Eigentlich ist Alma ja Psychiaterin, aber jetzt pfuscht sie mal wieder ihrer Freundin, Wiens coolster Kommissarin, ins Handwerk.

„Böse Samariter“, kürzlich erschienen, ist Constanze Dennigs dritter Krimi. Der erste Band soll demnächst für den ORF ­verfilmt werden.

Die Parallelen zwischen der Autorin und ihrer Protagonistin sind nicht zu übersehen: Auch Dennig ist Psychiaterin und Neurologin, sie ordiniert in Graz und Wien. Ganz wie Alma gibt sich auch ihre Schöpferin mit nur einem Beruf nicht zufrieden. Dennig, 63 und Mutter zweier erwachsener Kinder, leitet auch noch das Grazer Theater am Lend, schreibt Dramen und baut Klappmaulpuppen. Und sie ist ein feministisch denkender Mensch.

Wir treffen uns im abendlichen Halbdunkel vor dem Theater im einstigen Grazer Arbeiterbezirk Lend. Constanze Dennig knipst das Licht an. Das Kunstcafé mit der langen Bar kommt zum Vorschein und eine rothaarige Frau, die sich noch energischer bewegt als ihre Locken.

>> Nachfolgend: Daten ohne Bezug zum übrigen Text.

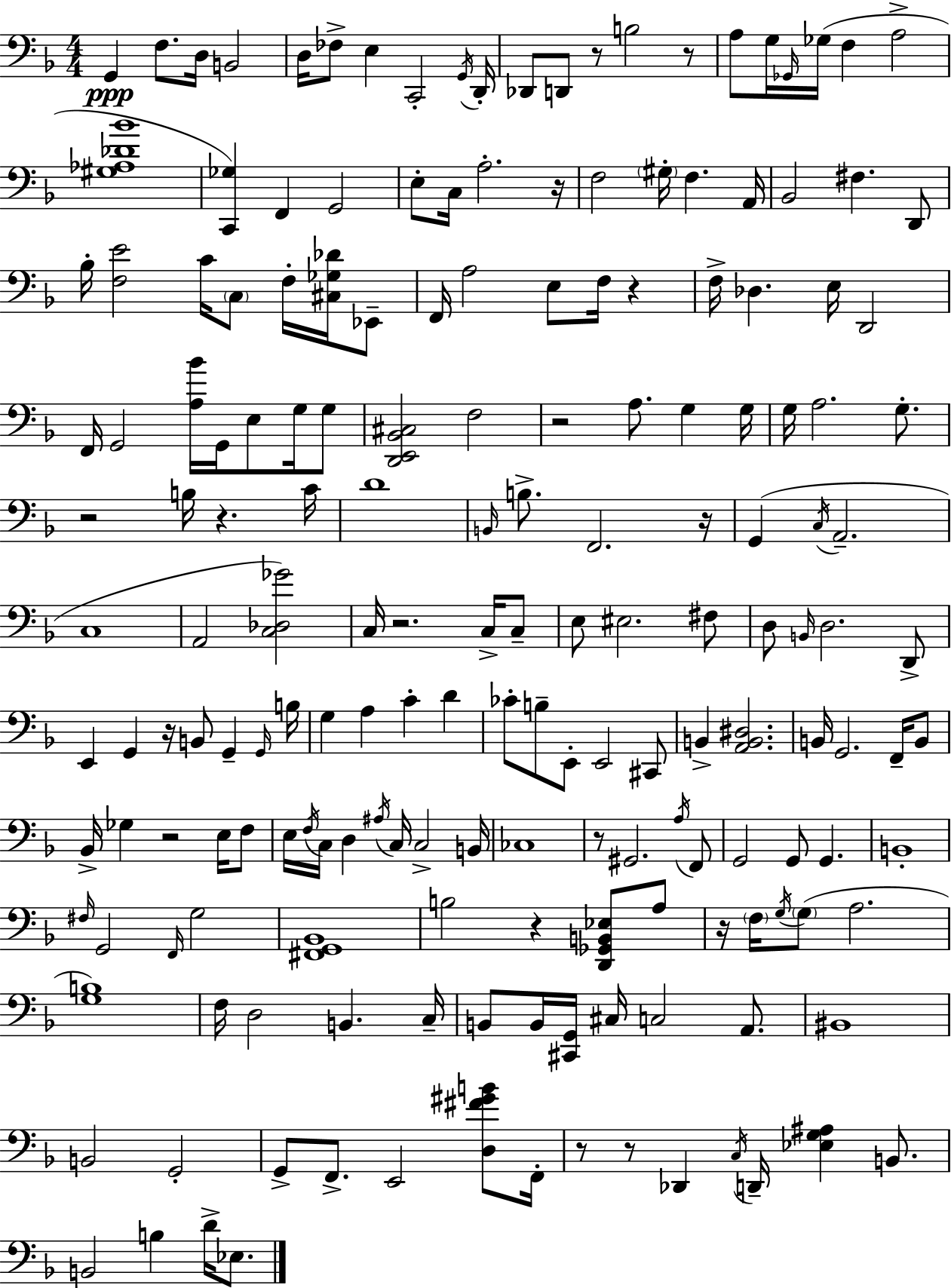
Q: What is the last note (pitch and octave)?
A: Eb3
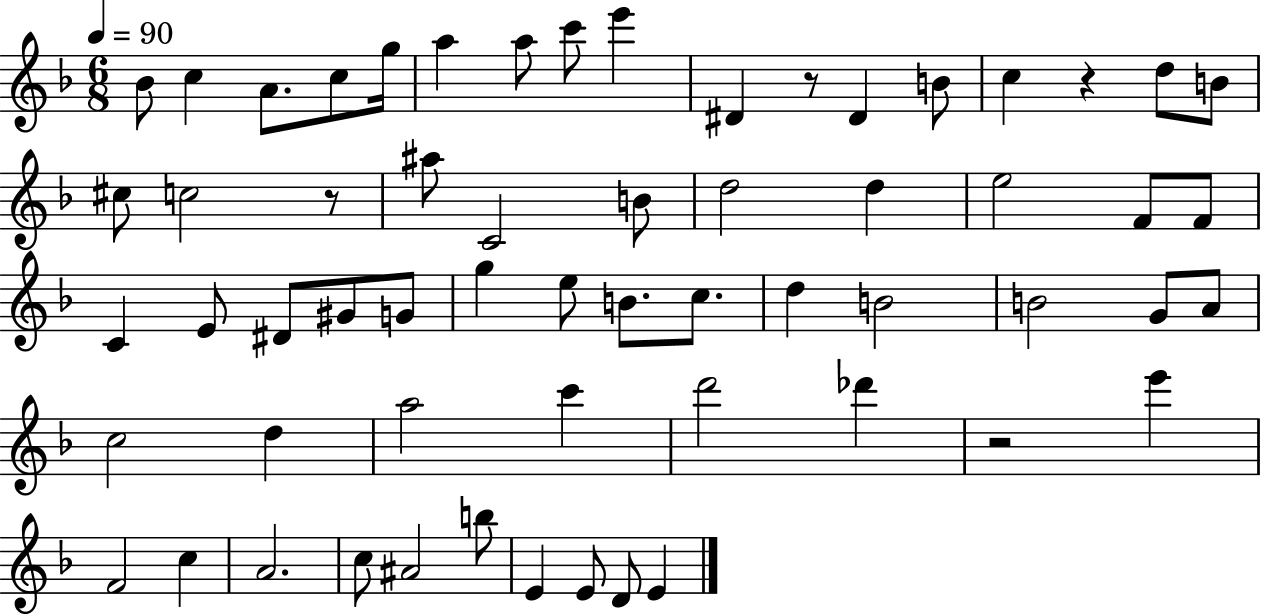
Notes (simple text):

Bb4/e C5/q A4/e. C5/e G5/s A5/q A5/e C6/e E6/q D#4/q R/e D#4/q B4/e C5/q R/q D5/e B4/e C#5/e C5/h R/e A#5/e C4/h B4/e D5/h D5/q E5/h F4/e F4/e C4/q E4/e D#4/e G#4/e G4/e G5/q E5/e B4/e. C5/e. D5/q B4/h B4/h G4/e A4/e C5/h D5/q A5/h C6/q D6/h Db6/q R/h E6/q F4/h C5/q A4/h. C5/e A#4/h B5/e E4/q E4/e D4/e E4/q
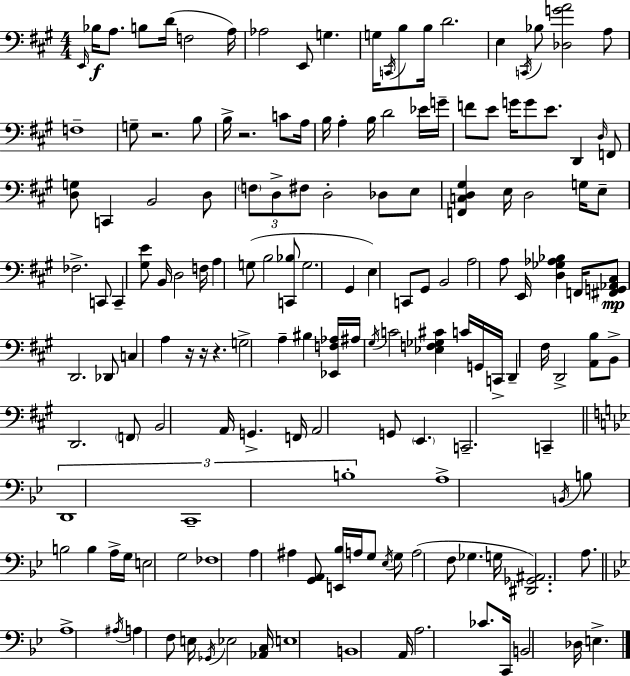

Constanze Dennig hat das Theater vor zehn Jahren zusammen mit einer Kollegin aus der Theaterszene, Edith Zeier-Draxl vom Verein uniT, übernommen. Dennigs Stücke waren zuvor in verschiedenen Theatern zu sehen, „irgendwann ist die Idee aufgetaucht, dass ich unabhängig sein möchte.“ Die beiden mieteten die Räume. Sie bauten alles komplett um, investierten rund 100.000 Euro. Wie Dennig sich das leisten konnte? „Manche Ärzte fahren einen Porsche, ich habe eben mein Theater“, feixt sie. Bisher schafften die beiden Frauen es immer, finanziell im schwarzen Bereich zu bleiben: Kulturschaffende mieten sich für Veranstaltungen ein, und Zeier-Draxls Verein uniT erhält Förderungen.

Constanze Dennigs erfolgreichstes Stück nennt sich „Extasy Rave“. Es wurde in Wien, Graz und München, in Kiew und Moskau gespielt. Das alteingesessene Moskauer Ermolova-Theater hat es soeben für weitere fünf Jahre auf den Plan gesetzt. In dem Drama muss sich jeder Mensch über 80 einem Test unterziehen, der über sein Weiterleben entscheidet. Das Ergebnis wird in einer Show bekannt gegeben. Hat jemand zu wenige Punkte, geht’s schnurstracks zur finalen Euthanasieparty.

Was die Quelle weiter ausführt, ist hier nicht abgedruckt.